China rocked the Asian markets on Thursday when it was revealed that manufacturing sector activity unexpectedly contracted in January.
The HSBC Flash manufacturing purchasing managers’ index (PMI) fell to 49.6 in January from 50.5 in December. Economists were expecting a reading of 50.3.
“The marginal contraction of January’s headline HSBC Flash China Manufacturing PMI was mainly dragged by cooling domestic demand conditions,” said HSBC’s Hongbin Qu. “This implies softening growth momentum for manufacturing sectors, which has already weighed on employment growth.”
But many economists are cautioning against going into full freak-out mode because a big national holiday is coming.

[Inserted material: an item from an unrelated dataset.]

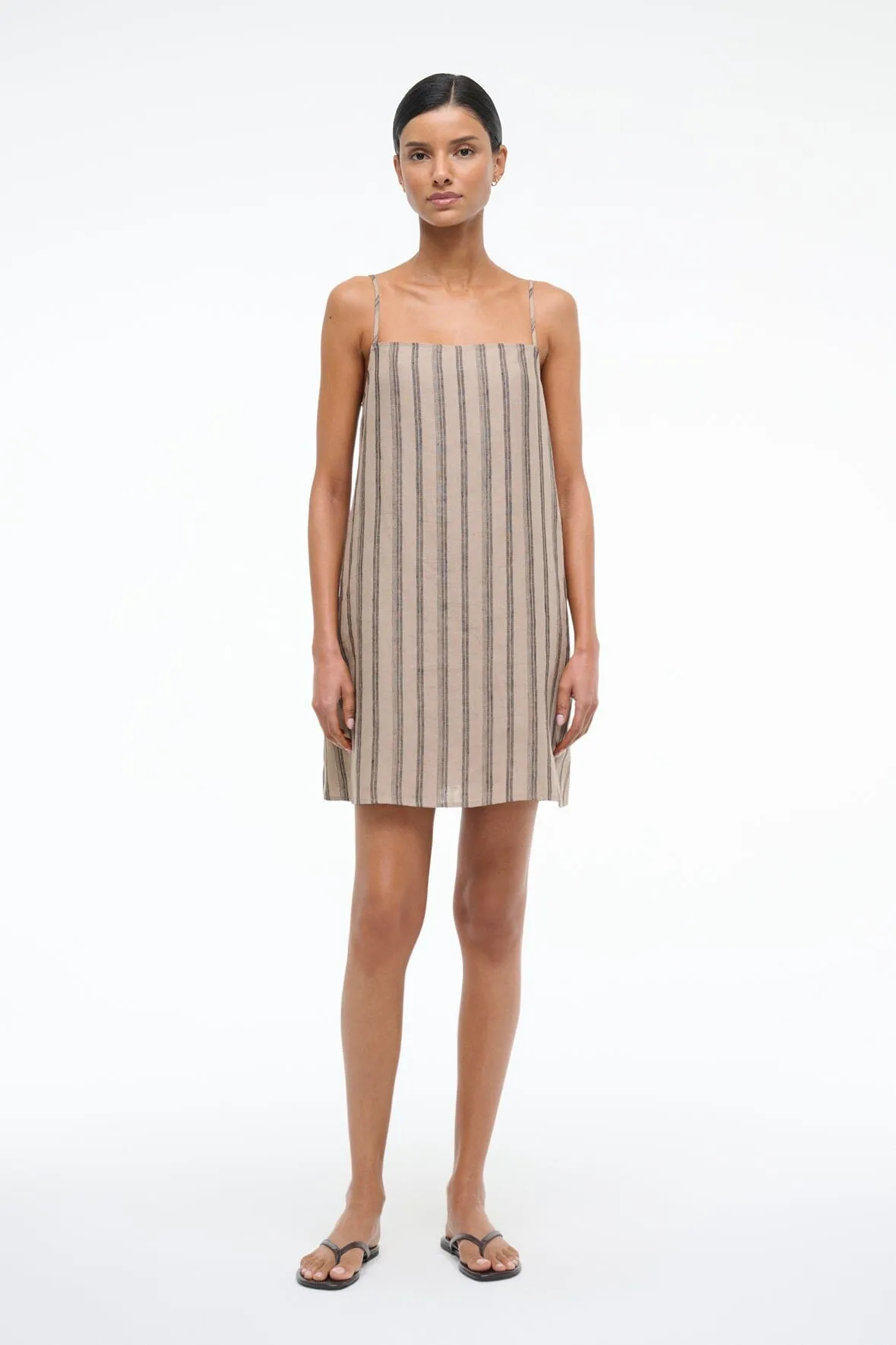 LAURA LINEN MINI DRESS | SAHARA STRIPE summer outfit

“We are reluctant to read too deeply into this number,” said Bill Adams, senior international economist for PNC Financial Services. “Chinese statistics, even ones as ably adjusted for seasonal variation as the HSBC PMI, tend to get a little fuzzier around the Lunar New Year holiday which falls on January 31this year.”
“Even the HSBC flash PMI reading is based on surveys conducted before 21 Jan, 10 days before the LNY holiday (officially starting from 31 January), the flash PMI reading could still be significantly affected as the HSBC PMI sample is heavily dominated by small enterprises which may have sent migrant workers home several weeks ahead of the LNY holiday,” said Bank of America Merrill Lynch’s Ting Lu. “Also note that the different timing of LNY holiday makes seasonal adjustment extremely difficult, and thus inaccurate, for readings around the LNY season.”
Regardless, this doesn’t take away from the consensus, which continues to believe 2014 will be a year of decelerating growth as policymaker pull in the reigns.
“We expect more soft data prints ahead, as the impact of slowing credit growth seeps through to the real economy,” said Societe Generale’s Wei Yao.